To qualify for the professional services exemption from the ABC test, the following criteria must be met:
- The worker maintains a business location separate from the hiring entity. Their business location may be their own home. (They are not prohibited from choosing to perform services at the location of the hiring entity.)
- If work is performed more than six months after the effective date of this section, the worker has a business license, in addition to any required professional licenses or permits for the them to practice in their profession.
- The worker has the ability to set or negotiate their own rates for the services performed.
- Outside of project completion dates and reasonable business hours, the worker has the ability to set the individual’s own hours.

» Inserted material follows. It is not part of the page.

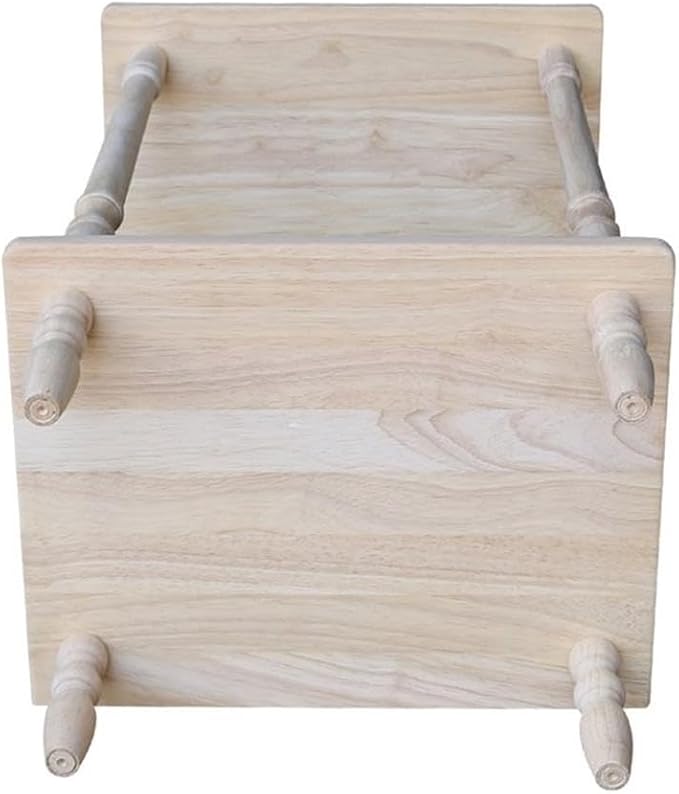 International Concepts Unfinished Phone Stand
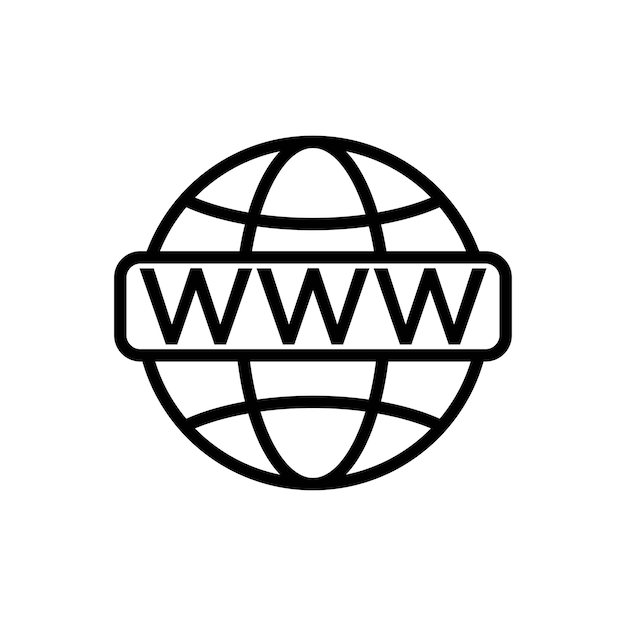 modello vettoriale di progettazione di icone internet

- The worker is customarily engaged in the same type of work performed under contract with another hiring entity or holds themselves out to other potential customers as available to perform the same type of work.
- The worker customarily and regularly exercises discretion and independent judgment in the performance of the services.
- In addition, the worker must provide their services through a sole proprietorship or other business entity.
In applying the economic realities test, the most significant factor to be considered is whether the person to whom service is rendered (the employer or principal) has control or the right to control the worker both as to the work done and the manner and means in which it is performed. Additional factors that may be considered depending on the issue involved are as follows:
- Whether the person performing services is engaged in an occupation or business distinct from that of the principal;
- Whether or not the work is a part of the regular business of the principal or alleged employer;
- Whether the principal or the worker supplies the instrumentalities, tools, and the place for the person doing the work;
- The alleged employee's investment in the equipment or materials required by his or her task or his or her employment of helpers;
- Whether the service rendered requires a special skill;
- The kind of occupation, with reference to whether, in the locality, the work is usually done under the direction of the principal or by a specialist without supervision;
- The alleged employee's opportunity for profit or loss depending on his or her managerial skill;
- The length of time for which the services are to be performed;
- The degree of permanence of the working relationship;
- The method of payment, whether by time or by the job; and
- Whether or not the parties believe they are creating an employer-employee relationship may have some bearing on the question, but is not determinative since this is a question of law based on objective tests.
Even where there is an absence of control over work details, an employer-employee relationship will be found if (1) the principal retains pervasive control over the operation as a whole, (2) the worker's duties are an integral part of the operation, and (3) the nature of the work makes detailed control unnecessary.
Other points to remember in determining whether a worker is an employee or independent contractor are that the existence of a written agreement claiming to establish an independent contractor relationship is not determinative and the fact that a worker is issued a 1099 form rather than a W-2 form is also not determinative with respect to independent contractor status.